Japan is preparing to set up its own National Security Council, a move that could pave the way for the pacifist nation to expand its role in regional security.
The council will be modeled after the United States’ NSC and will come under the prime minister’s office to expand its functions in drawing up security policy and gathering intelligence.
Prime Minister Shinzo Abe introduced the plan to beef up Japan’s defense and security amid China’s rising military assertiveness and North Korea’s unprecedented nuclear ambitions.
It is also seen as a significant step away from the nation’s postwar constitution that binds Japan to a self-defense role.
“As the security environment surrounding our nation becomes increasingly challenging, the establishment of a National Security Council is absolutely imperative to strengthen the command functions of the prime minister’s office on foreign and security policies,” Prime Minister Shinzo Abe told parliament in October.
He is hoping the bill to establish the Japanese NSC would pass the nations’ parliament. The NSC bill has already been passed by the lower chamber and is expected to gain upper house approval later this month.
Abe has long been pushing to reinterpret the nation’s pacifist constitution and lift the self-imposed ban on exercising the right to “collective self-defense,” or the right to aid allies during attacks.
Once the NSC is established, the prime minister will meet regularly with the chief cabinet secretary as well as foreign and defense ministers to discuss security issues.

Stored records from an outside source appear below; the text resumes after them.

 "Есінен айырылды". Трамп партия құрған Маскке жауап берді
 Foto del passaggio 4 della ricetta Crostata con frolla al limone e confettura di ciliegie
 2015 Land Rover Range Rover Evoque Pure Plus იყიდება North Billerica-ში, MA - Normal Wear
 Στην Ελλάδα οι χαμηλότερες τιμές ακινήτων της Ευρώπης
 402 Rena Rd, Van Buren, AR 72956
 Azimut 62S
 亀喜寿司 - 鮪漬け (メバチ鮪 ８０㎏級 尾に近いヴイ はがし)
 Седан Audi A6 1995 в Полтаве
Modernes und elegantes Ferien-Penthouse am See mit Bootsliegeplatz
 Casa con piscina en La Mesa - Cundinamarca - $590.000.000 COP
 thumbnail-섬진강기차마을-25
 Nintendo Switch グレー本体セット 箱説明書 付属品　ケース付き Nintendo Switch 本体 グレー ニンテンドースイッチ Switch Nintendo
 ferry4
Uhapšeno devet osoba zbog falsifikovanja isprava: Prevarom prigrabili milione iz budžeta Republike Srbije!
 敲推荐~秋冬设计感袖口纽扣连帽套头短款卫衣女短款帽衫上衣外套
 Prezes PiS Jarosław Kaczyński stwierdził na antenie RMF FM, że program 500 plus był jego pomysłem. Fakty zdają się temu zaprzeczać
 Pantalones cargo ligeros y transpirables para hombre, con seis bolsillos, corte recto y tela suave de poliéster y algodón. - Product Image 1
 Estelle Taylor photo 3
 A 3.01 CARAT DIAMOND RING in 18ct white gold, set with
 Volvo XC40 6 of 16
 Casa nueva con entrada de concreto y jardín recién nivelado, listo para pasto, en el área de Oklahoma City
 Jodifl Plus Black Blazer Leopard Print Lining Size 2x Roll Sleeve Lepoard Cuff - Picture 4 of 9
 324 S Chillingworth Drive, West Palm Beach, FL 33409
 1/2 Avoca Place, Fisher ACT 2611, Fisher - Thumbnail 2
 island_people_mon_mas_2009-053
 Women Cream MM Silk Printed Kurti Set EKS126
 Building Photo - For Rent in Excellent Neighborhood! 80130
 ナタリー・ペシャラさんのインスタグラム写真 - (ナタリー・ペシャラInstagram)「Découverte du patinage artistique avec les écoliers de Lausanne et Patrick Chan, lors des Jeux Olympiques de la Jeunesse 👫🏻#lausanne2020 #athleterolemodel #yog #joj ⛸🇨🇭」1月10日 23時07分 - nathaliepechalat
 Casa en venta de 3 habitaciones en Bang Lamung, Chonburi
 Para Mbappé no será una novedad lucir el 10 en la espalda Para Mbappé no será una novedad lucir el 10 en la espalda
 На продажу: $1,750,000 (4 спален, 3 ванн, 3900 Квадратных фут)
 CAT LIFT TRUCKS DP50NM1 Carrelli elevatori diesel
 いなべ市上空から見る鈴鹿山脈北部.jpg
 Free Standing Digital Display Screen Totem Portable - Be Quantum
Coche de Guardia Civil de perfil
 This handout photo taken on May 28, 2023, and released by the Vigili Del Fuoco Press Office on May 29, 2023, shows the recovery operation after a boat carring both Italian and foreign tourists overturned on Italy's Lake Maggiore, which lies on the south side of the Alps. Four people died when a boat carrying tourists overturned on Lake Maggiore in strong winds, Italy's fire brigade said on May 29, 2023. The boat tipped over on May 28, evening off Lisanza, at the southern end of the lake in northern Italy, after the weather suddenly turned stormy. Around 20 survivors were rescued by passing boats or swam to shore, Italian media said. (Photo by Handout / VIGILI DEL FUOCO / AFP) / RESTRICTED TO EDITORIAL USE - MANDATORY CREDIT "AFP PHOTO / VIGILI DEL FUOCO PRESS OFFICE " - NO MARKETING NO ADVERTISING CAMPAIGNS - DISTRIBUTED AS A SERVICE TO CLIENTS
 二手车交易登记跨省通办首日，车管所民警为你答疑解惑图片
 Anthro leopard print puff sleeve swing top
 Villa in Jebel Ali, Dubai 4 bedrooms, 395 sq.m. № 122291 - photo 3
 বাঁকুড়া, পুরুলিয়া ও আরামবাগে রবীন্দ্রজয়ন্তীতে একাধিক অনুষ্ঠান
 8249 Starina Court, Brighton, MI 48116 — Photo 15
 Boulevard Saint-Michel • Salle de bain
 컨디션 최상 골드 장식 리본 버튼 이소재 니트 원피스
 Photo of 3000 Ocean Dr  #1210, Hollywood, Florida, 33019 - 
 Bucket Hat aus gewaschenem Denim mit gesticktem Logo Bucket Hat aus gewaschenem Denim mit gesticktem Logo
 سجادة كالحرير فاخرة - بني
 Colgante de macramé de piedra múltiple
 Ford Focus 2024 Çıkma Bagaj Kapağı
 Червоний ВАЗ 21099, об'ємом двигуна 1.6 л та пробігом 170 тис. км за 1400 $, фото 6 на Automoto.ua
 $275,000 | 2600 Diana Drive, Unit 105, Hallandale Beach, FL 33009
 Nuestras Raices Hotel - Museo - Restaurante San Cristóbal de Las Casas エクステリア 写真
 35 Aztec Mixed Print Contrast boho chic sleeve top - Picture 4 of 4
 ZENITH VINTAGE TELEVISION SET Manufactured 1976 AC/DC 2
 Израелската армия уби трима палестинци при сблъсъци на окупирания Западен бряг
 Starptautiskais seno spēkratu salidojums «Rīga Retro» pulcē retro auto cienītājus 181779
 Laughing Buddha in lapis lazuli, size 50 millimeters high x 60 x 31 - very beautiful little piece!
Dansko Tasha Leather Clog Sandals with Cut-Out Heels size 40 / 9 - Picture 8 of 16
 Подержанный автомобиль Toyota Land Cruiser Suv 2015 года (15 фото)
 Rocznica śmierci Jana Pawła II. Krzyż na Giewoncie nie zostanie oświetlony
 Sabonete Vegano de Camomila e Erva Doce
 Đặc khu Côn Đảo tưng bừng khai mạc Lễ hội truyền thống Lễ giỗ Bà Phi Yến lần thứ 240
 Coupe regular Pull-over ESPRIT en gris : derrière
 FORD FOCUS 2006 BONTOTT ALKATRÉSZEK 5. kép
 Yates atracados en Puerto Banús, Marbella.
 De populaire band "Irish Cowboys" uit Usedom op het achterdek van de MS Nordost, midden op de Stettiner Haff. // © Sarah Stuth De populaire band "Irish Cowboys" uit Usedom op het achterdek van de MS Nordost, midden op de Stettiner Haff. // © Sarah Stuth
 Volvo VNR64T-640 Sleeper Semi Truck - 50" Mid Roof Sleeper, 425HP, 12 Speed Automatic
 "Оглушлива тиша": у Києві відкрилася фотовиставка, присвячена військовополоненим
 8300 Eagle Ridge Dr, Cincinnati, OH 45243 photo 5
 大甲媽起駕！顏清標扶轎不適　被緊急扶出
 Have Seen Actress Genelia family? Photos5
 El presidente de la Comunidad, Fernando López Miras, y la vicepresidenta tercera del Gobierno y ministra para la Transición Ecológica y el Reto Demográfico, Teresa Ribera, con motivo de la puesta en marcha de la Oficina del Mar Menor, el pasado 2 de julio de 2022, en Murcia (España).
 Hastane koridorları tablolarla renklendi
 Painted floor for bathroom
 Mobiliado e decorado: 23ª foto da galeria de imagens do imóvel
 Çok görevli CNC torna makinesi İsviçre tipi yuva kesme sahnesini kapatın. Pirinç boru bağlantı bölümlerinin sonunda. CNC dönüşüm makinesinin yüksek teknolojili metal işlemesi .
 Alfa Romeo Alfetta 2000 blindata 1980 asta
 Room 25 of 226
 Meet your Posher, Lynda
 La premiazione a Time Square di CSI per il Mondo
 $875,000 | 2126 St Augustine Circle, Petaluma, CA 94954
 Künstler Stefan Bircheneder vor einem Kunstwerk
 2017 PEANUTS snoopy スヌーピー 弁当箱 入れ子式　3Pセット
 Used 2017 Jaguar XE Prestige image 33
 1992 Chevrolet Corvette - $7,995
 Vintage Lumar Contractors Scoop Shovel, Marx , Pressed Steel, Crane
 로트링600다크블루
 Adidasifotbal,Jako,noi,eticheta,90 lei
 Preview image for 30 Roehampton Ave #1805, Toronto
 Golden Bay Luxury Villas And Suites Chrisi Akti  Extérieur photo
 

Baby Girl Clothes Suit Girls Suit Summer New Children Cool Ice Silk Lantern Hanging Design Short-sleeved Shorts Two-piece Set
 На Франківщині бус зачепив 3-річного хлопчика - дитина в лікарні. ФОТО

Through the NSC, the prime minister could decide point-blank on various issues involving national defense, such as foreign military attacks and other serious emergencies.
The planned NSC will also be responsible for sharing intelligence with counterparts in other nations, including its key ally Washington.
But it has also drawn criticism over fears that the state-secrecy bill, which goes hand-in-hand with the draft legislation, could infringe on journalistic freedom and the public’s right to information.
The bill toughens penalties against those who leak sensitive information related to defense, foreign policy, terrorism and other harmful activities.
This comes after NSA whistleblower Edward Snowden leaked classified US intelligence information.